We got called out to a sand and gravel pit to clear the piping on a Dredge pump. They suck the sand up in a pond and pump it up hill about 700' to a conveyor. Someone dropped the dredge hose too low and sucked too much sand and not enough water and plugged up the whole system. 

We came out and had to jet out about 400' of. 12" pipe with dry packed sand in it


----------



## Best Darn Sewer (Dec 23, 2012)

Damn, I love jetting sewer lines. Looks like a fun job. How long did it take and what nozzle, psi, and GPMs were you using?


----------



## AndersenPlumbing (Jan 23, 2010)

I used 2700 gallons of water 


I think it took me about 4 hours to do the job. 
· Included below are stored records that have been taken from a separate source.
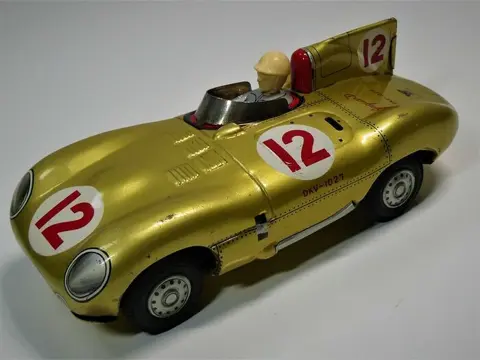 Tomy (Japan) # - blikken JAGUAR D-type RACER Rn:12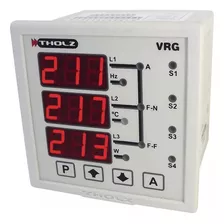 Multimedidor De Energia Vrg330r-90~240vca - P377 Tholz 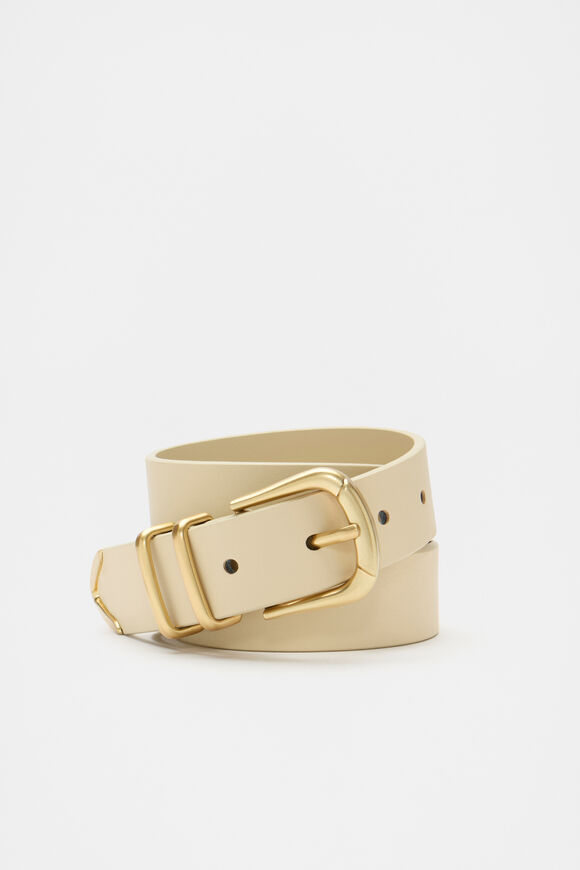 Amara Metal Tip Belt  Marzipan  hi-res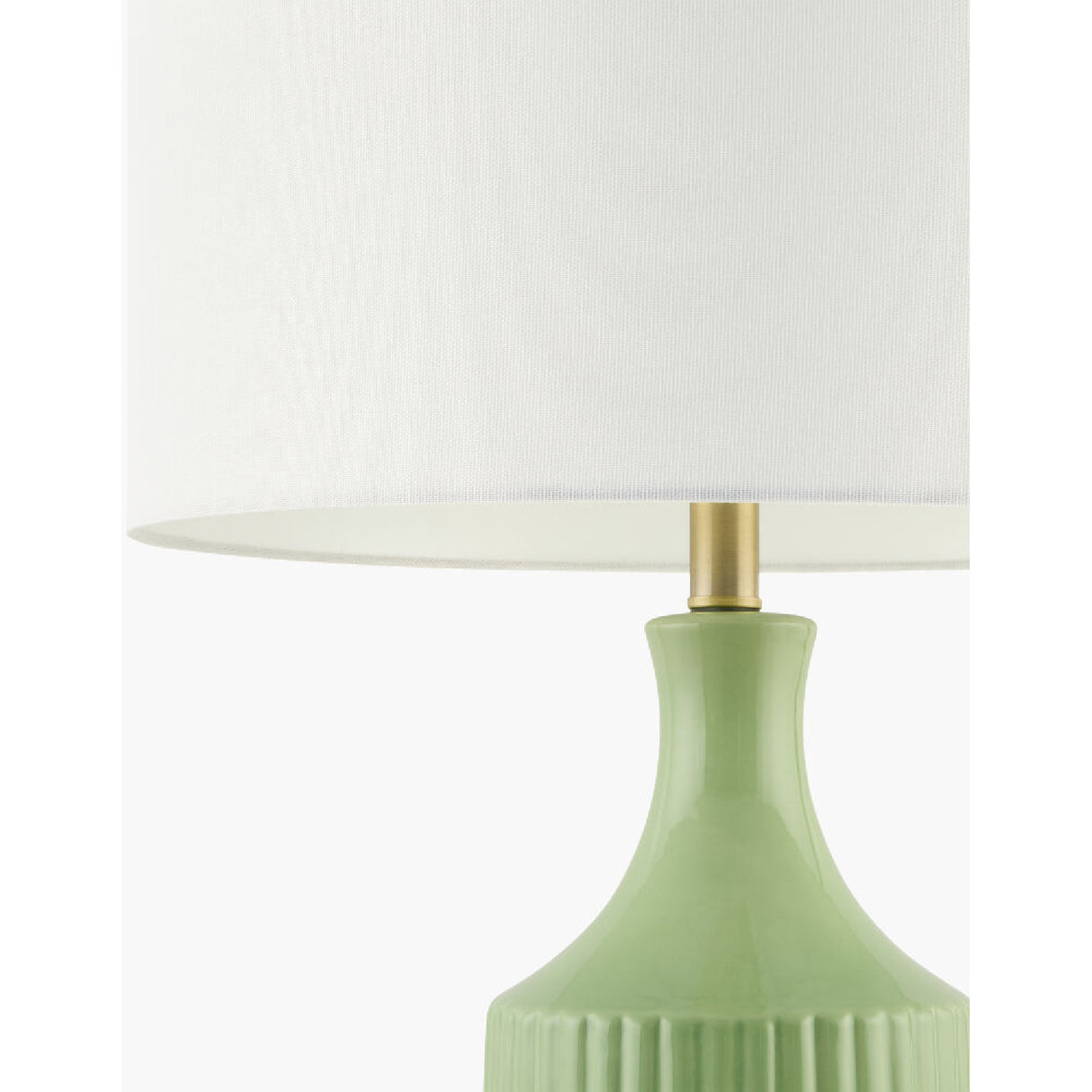 Modern European furniture - Fluted Glazed Ceramic Table Lamp - www.oroa.com | Oroa.com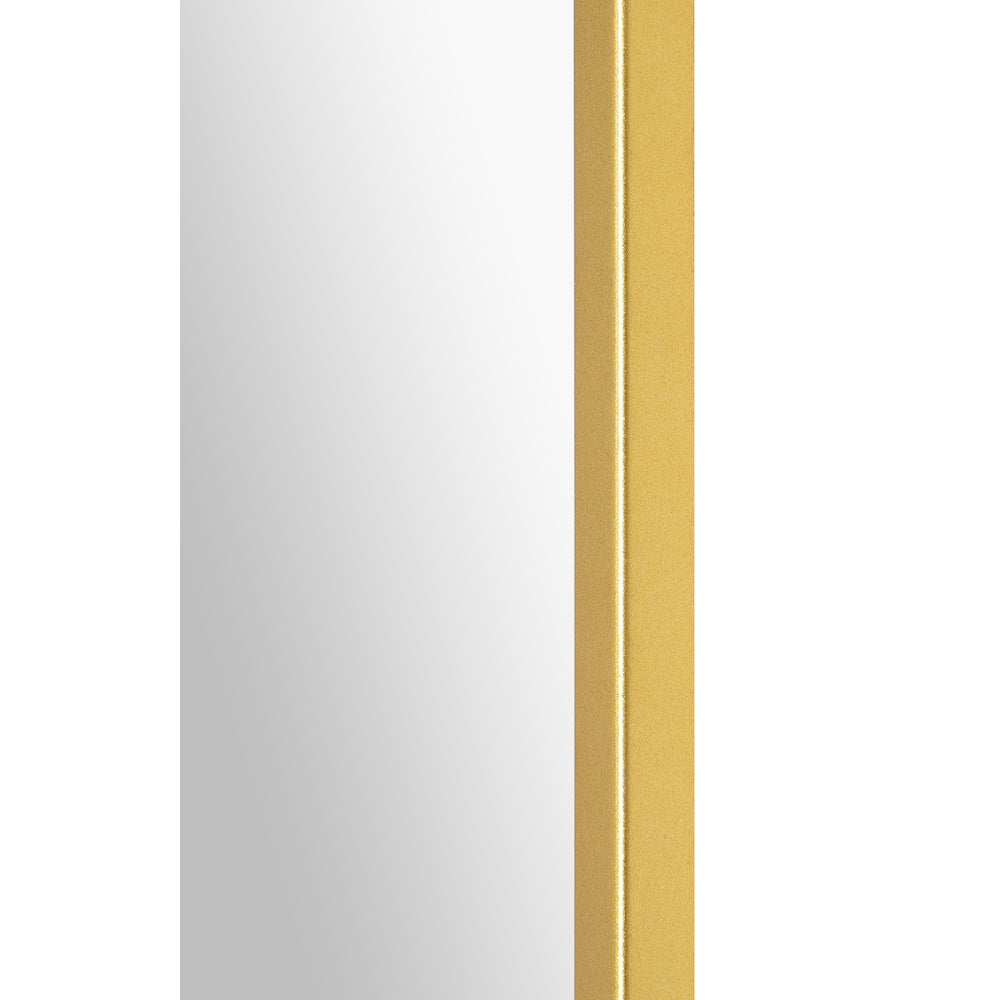 Merrimack 36" Tall Rectangle Wall Mirror, Yellow - Additional Image 2 - MT2512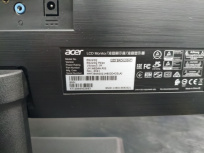 Monitor Gamer Acer EGO EG220Q Pbipx LCD 21.5", 1920x1080 Full HD, FreeSync, 144Hz, HDMI/DisplayPort, Negro ― Equipo utilizado en oficina, con detalles de uso. Incluye eliminador de voltaje y cable DisplayPort (DP).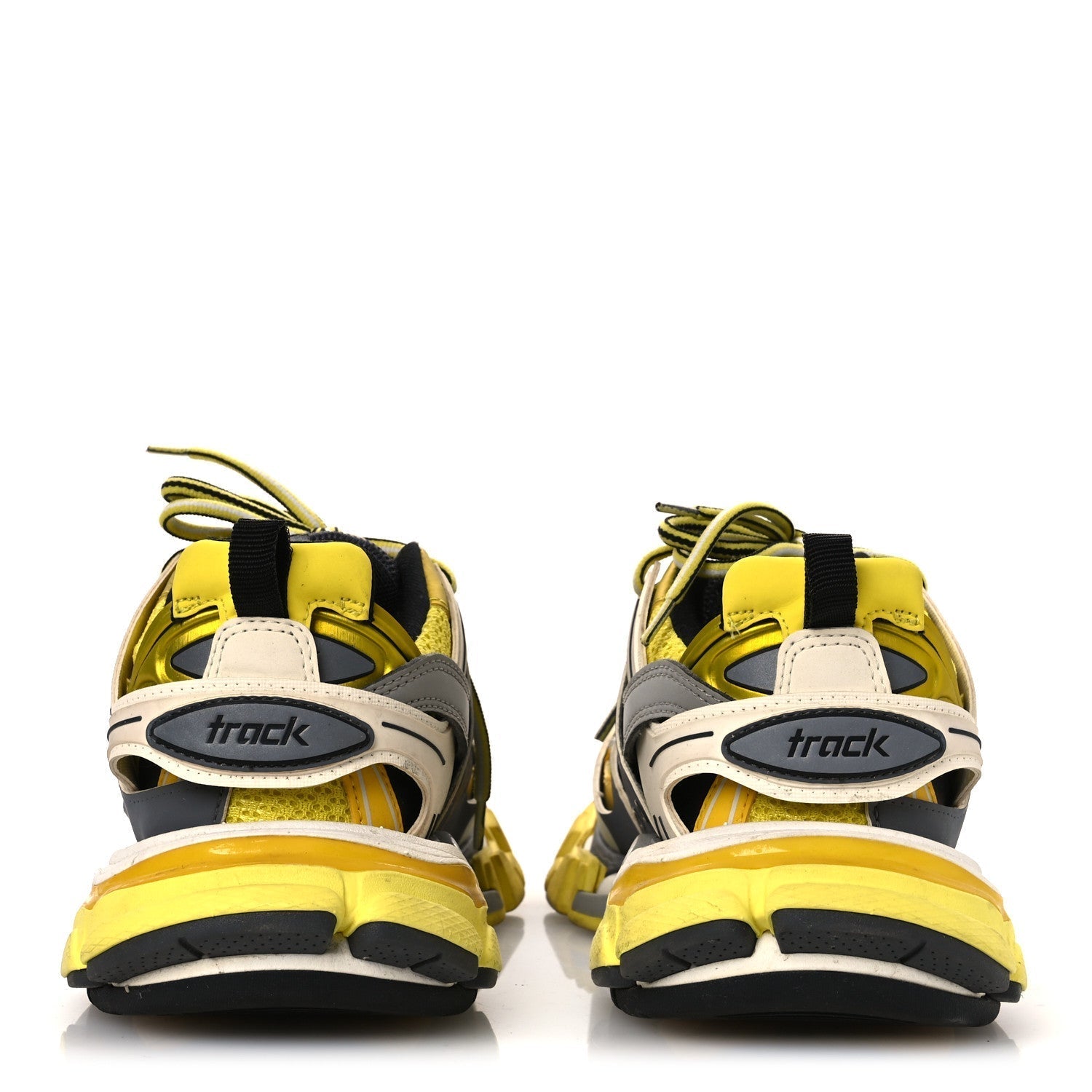 MESH NYLON MENS TRACK SNEAKERS YELLOW BLACK WHITE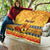 Personalised PNG Hamamas Krismas Quilt Papua New Guinea Bird Of Paradise Merry Christmas Gold Style LT9 - Polynesian Pride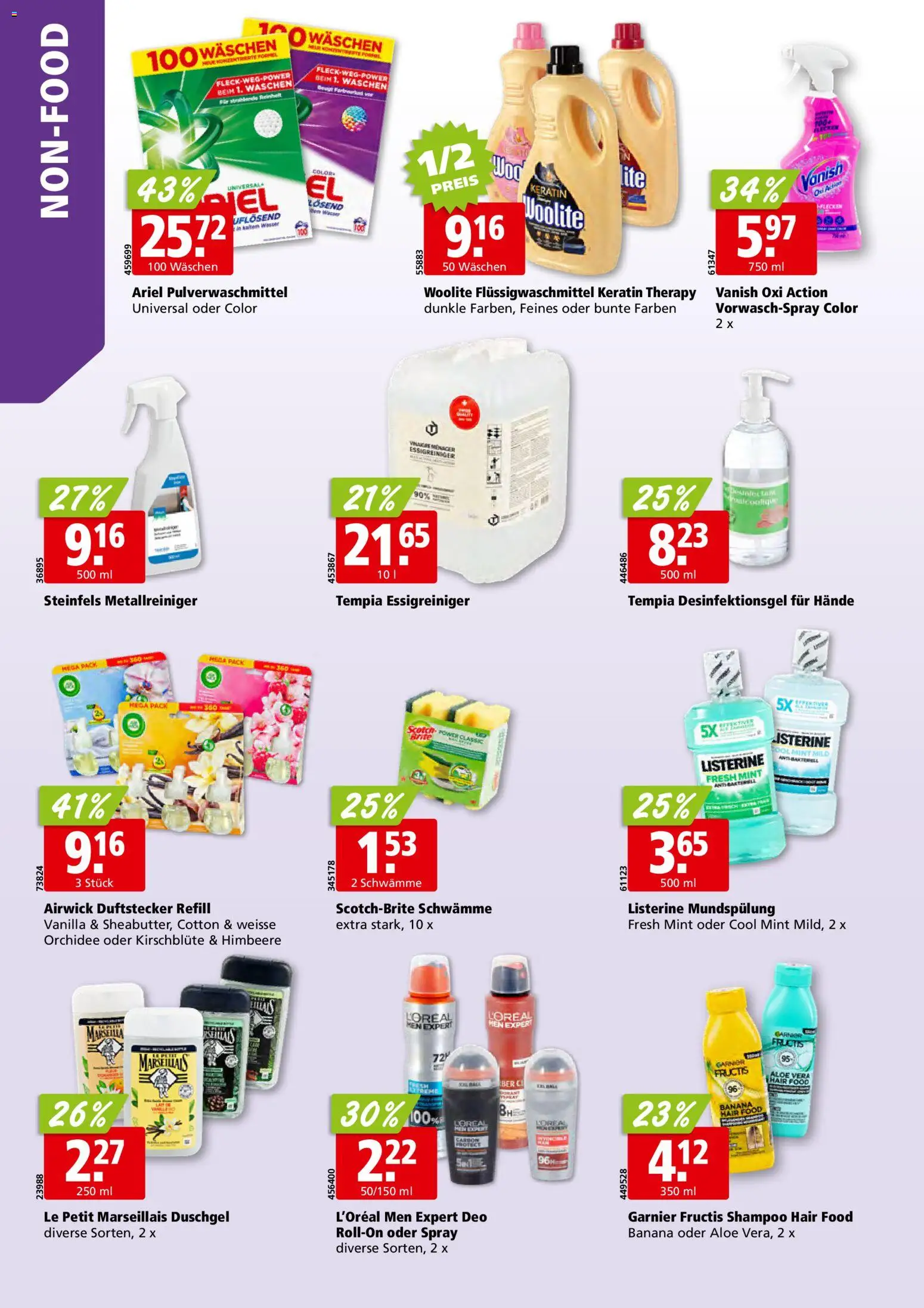 Aligro aktionen – gültig ab 28.09.2026 | Seite: 30 | Produkte: Shampoo, Duschgel, Schwämme, Himbeere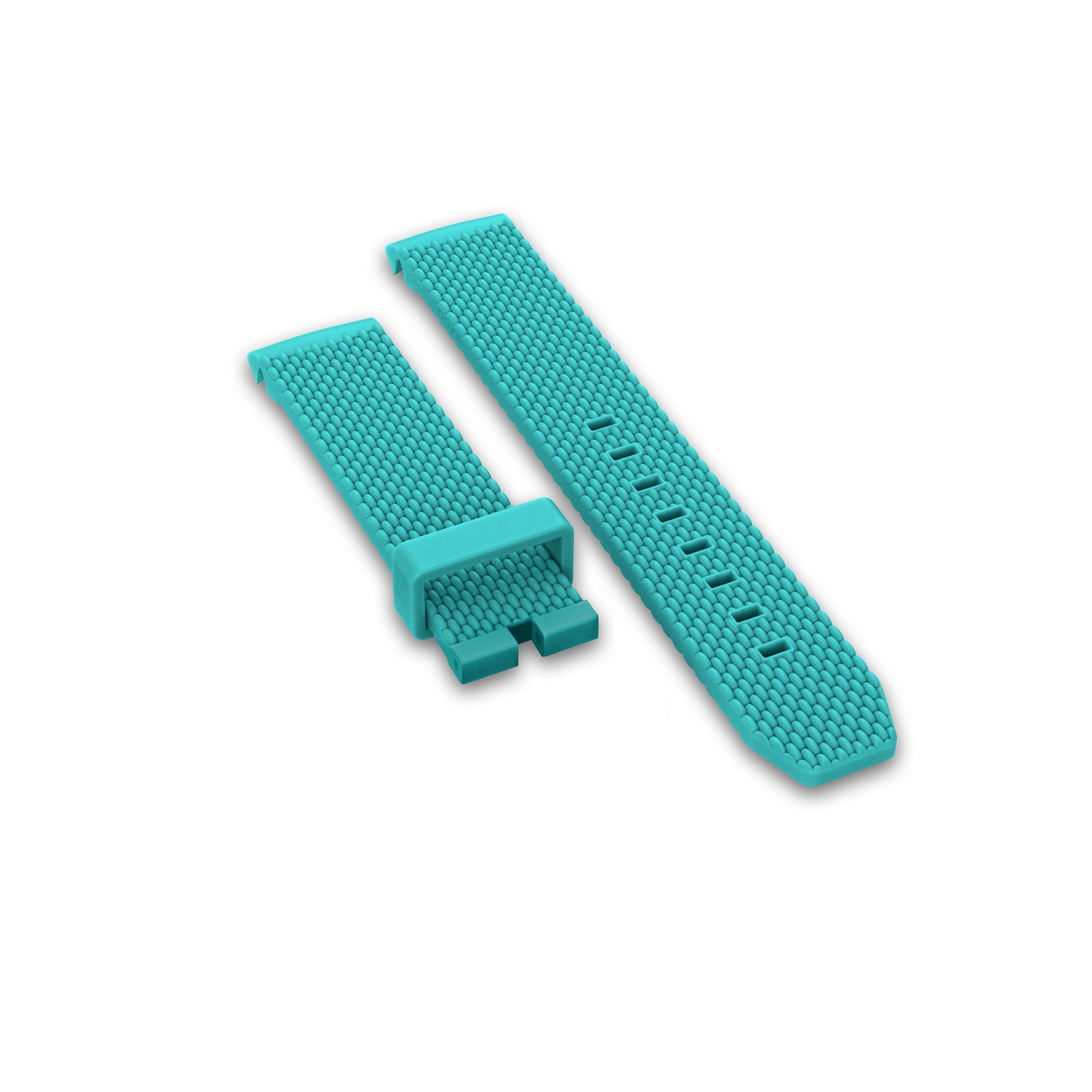 Bracelet en caoutchouc, turquoise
My Harben flows 16gpm @ 4000 psi. 

I was using a warthog to clear it. It was the only nozzle that was effectively loosening up the sand ahead of the nozzle.


----------



## Best Darn Sewer (Dec 23, 2012)

AndersenPlumbing said:


> I used 2700 gallons of water
> 
> I think it took me about 4 hours to do the job.
> 
> ...


Wow. Thank you. It seems that a lot of guys on here prefer the warthog nozzle for most jobs. Seems to be the most versatile and effective.


----------



## AndersenPlumbing (Jan 23, 2010)

It is my go to nozzle! I have 4-5 nozzles for the Harben and the warthog is usually the first to come out.


----------



## Unclog1776 (Feb 5, 2013)

Every Jetter operation should a warthog, a chain flail(root rat) a good penetrator and a monster flush. Anything beyond that is specific to the individual. Good work by the way. I hate sand, can tell by the pump noise that your jets are getting clogged, I keep a set of picks in the Jetter tool box

Sent from my iPhone using PlumbingZone


----------



## Cuda (Mar 16, 2009)

Look up flounder nozzle on google, it is heavy and stays at the bottom of the pipe, not good for breaking up the sand at first but it is good for getting flow once the line is opened up. Works on sand and mud and maybe grease?


----------



## Unclog1776 (Feb 5, 2013)

That's a bulky looking nozzle but I can see why it would work. I can remember working under my dad when our town was experiencing a giant boom in residential new construction, we would get 1-2 calls a week where the sewer was full of gravel, mostly about a week after the buyers had moved in lol. We could have worked the balls off a nozzle like that had we had one.

Sent from my iPhone using PlumbingZone


----------